Without including any pictures, reproduce the full listing exactly.

> _Data for this task_
_ _ _

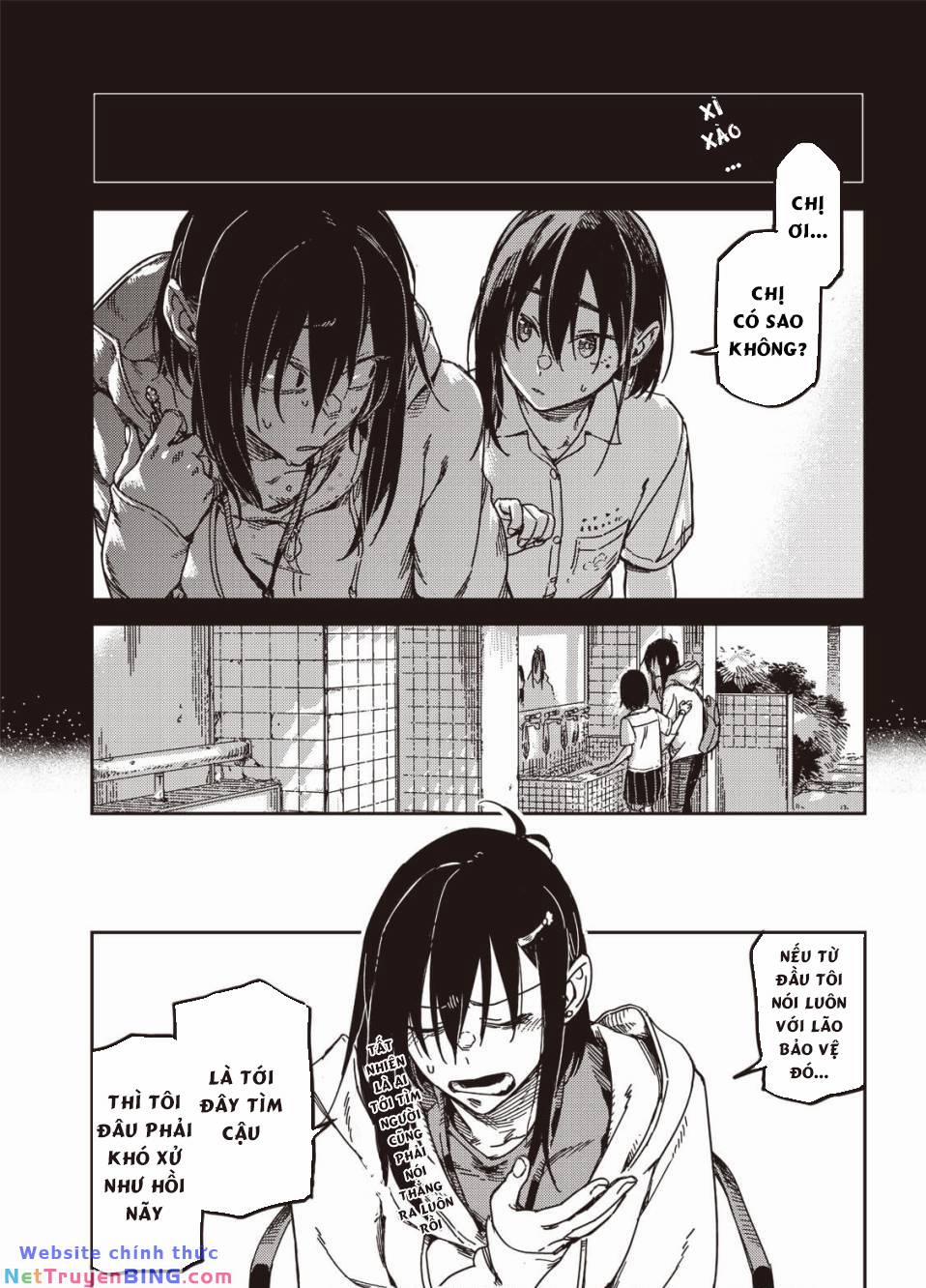 Lắng Nghe Tôi Nè!! 13 trang 4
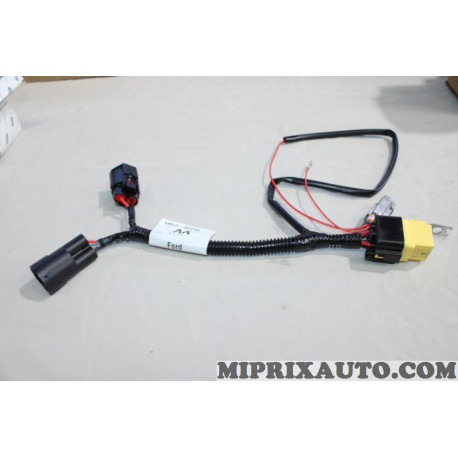 Cable faisceau electrique ventilateur Ford original OEM 1580889 6M5T-8C290-AA 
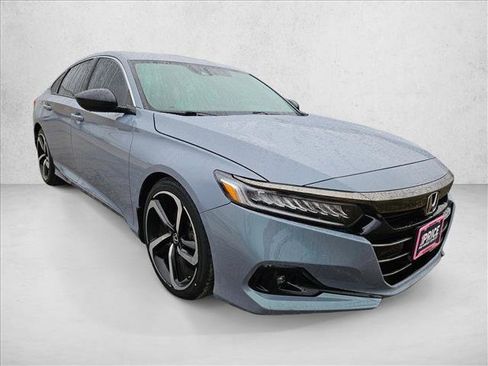 Used 2022 Honda Accord Sport Special Edition image 4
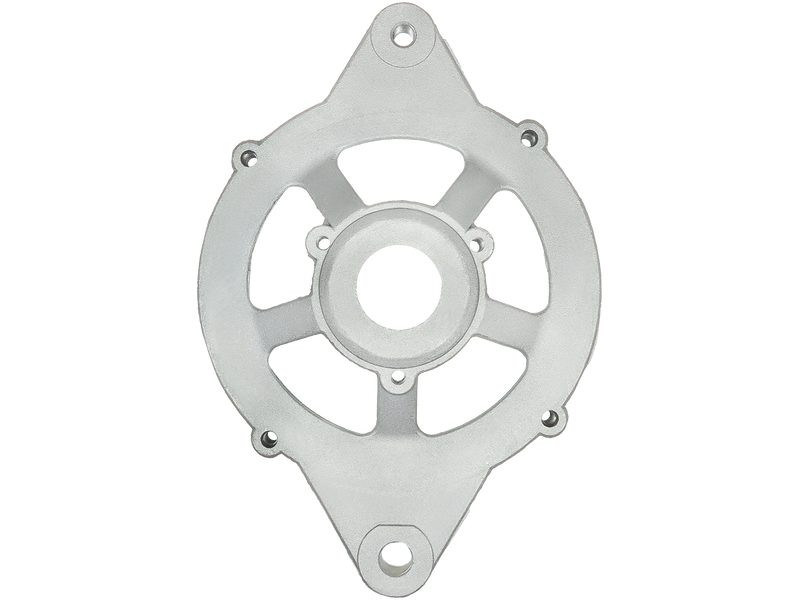 Alternator drive-side bracket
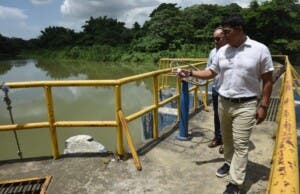 CAASD realiza mantenimiento y suspende servicio de agua en zonas de Santo Domingo Oeste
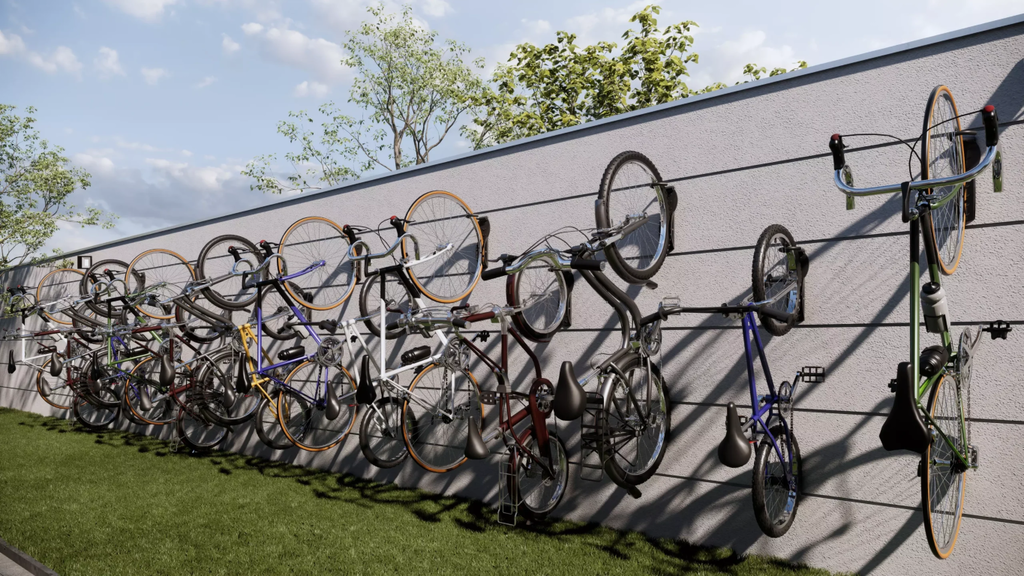 Bicicletrio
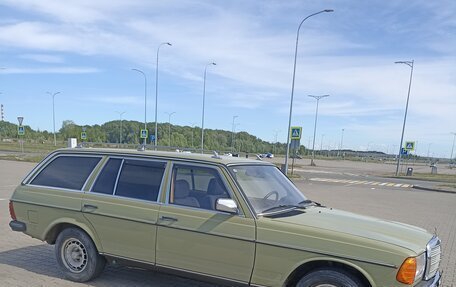 Mercedes-Benz W123, 1984 год, 505 000 рублей, 4 фотография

_ _ _

> _Task output_
 Lắng Nghe Tôi Nè!! 13 trang 4
 Cable faisceau electrique ventilateur Ford original OEM 1580889 6M5T-8C290-AA 
 Used 2022 Honda Accord Sport Special Edition image 4
 Alternator drive-side bracket
 CAASD realiza mantenimiento y suspende servicio de agua en zonas de Santo Domingo Oeste
 Bicicletrio
 Mercedes-Benz W123, 1984 год, 505 000 рублей, 4 фотография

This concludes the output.